Indiana Voices produces audio books for the blind and visually or physically-impaired citizens of our state and would not exist were it not for the active participation by numerous dedicated volunteers. The purpose of this blog is to share the details of their roles that are critical to the success of this program.
Our narrators are the “voices” behind Indiana Voices. At present, there are 14 individuals who come in to our studio at the Indiana State Library for a least an hour a week to read a title that has been assigned to them. The books that are chosen by the director of the program must fit within the criteria for books to record for our program. The titles, which can be both fiction and nonfiction, are either written by a Hoosier author, are about our state in some way or may have a plot that places the story in Indiana.
Individuals wishing to narrate for Indiana Voices must complete an audition in order to be evaluated for suitability to read for the program. A good narrator needs to have a natural ability to convey the material that they share with our patrons in an interesting, and engaging manner. Narrators must be willing to make a long-term commitment of time, as producing an audio book can often take weeks or months to complete. It is also important for the narrator to be willing to research the text they have been assigned in order to understand the pronunciation of words and the pacing needed to enhance the patron’s listening experience. The best narrators are those that are able to “disappear” during the recording so that the listener is able to lose themselves in the text.
Audio monitors serve another critical role in the production of audio books for Indiana Voices. These volunteers learn how to operate the specialized software that is used to record the narrators they’re teamed up with as they read through their assigned text. The monitor’s job is to confirm the audio quality during each recording session and they are also responsible for maintaining a consistent sound level throughout the narration.

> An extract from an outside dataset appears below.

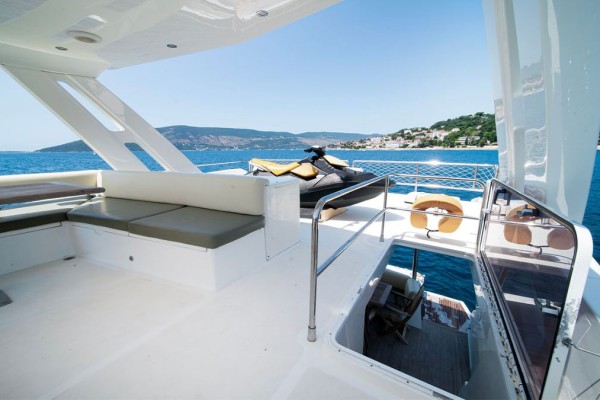 2015 Numarine 78 Fly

The audio monitor also serves another important role by providing a high level of quality control. To accomplish this, this volunteer reads along with the narrator to assure that the recording is as true to the written text as possible; listening for errors such as missed or added words, mispronunciations, awkward phrasing or other such inaccuracies. When these do occur, it is the monitor’s job to see that these mistakes are corrected.
Audio Book Reviewer
This book reviewer position works independently of the studio setting, but is just as important as any of other roles of Indiana Voices. The reviewer is the final step for assuring the accuracy of the audio book recording.
Reviewers are provided the initial recording of a completed audio book along with a printed copy of the text and an edit log. The reviewer then listens to the audio recording and follows along with the text noting on the log sheet any errors or inaccuracies that may have been missed during the original recording and then returning it to Indiana Voices. Using this log sheet as a guide, the recording can then be corrected and finalized into a finished audio book.
The audio editor reviews audio files for errors that have occurred during the recording process and makes needed corrections to these files. Once this adjustments have been made, the edited titles can be moved along to a final review and to their ultimate completion as a finished audio book. Audio editors must learn the software needed for editing, have an ability to multitask, possess strong reading and listening skills and be detail oriented.
The role of audio editor requires more than just technical skills, but also an ascetic ability. Good editors are able to compose a recording in such a way that corrections are able to match so well with the original recording that the integrity of the natural flow of the text is maintained.
Indiana Voices is always looking for variety of different volunteers to fill openings as they occur. At present, possible volunteer opportunities are for narrator/monitor teams (two individuals are needed to apply together), audio monitors and audio editors.